## Available data
****

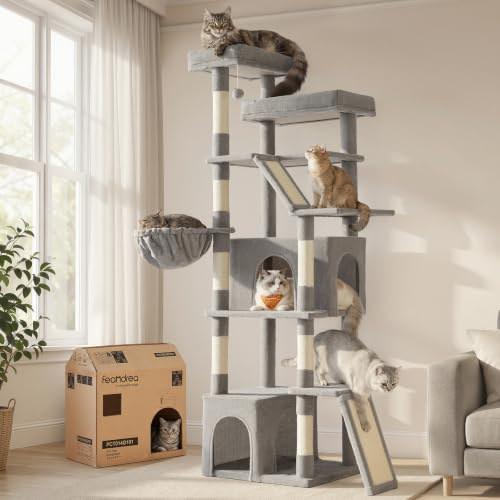 Thumbnail 1 de Feandrea Arbre à Chat Haut 184,5 cm – Tour de Jeux Robuste, Multi-Niveaux pour Chats de Toutes Tailles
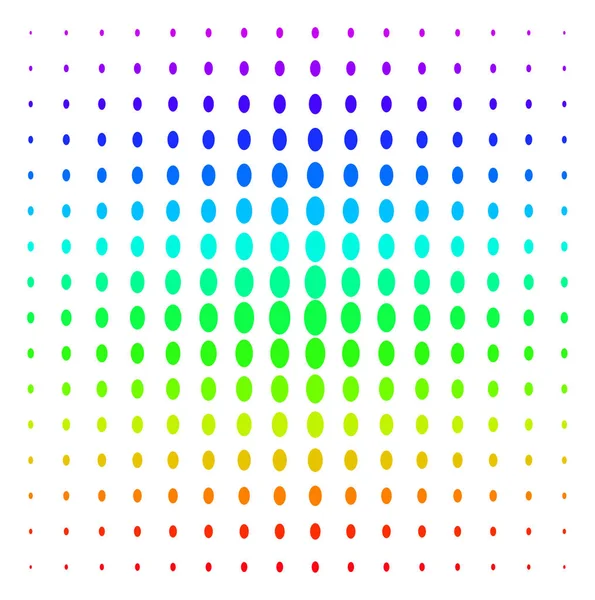 Filled Ellipse Icon halftone Spectral pattern — Stock Vector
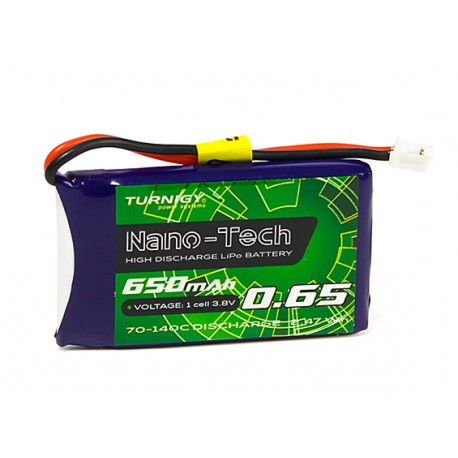 Batteria Plus 650mAh 1S 70C Lipo Pack con JST-PH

****

## About this task
Starting with the line that contains "Filled Ellipse Icon", reproduce every line to the end of the material above, both end lines included, exactly and with no pictures.

## Reply
 Filled Ellipse Icon halftone Spectral pattern — Stock Vector
 Batteria Plus 650mAh 1S 70C Lipo Pack con JST-PH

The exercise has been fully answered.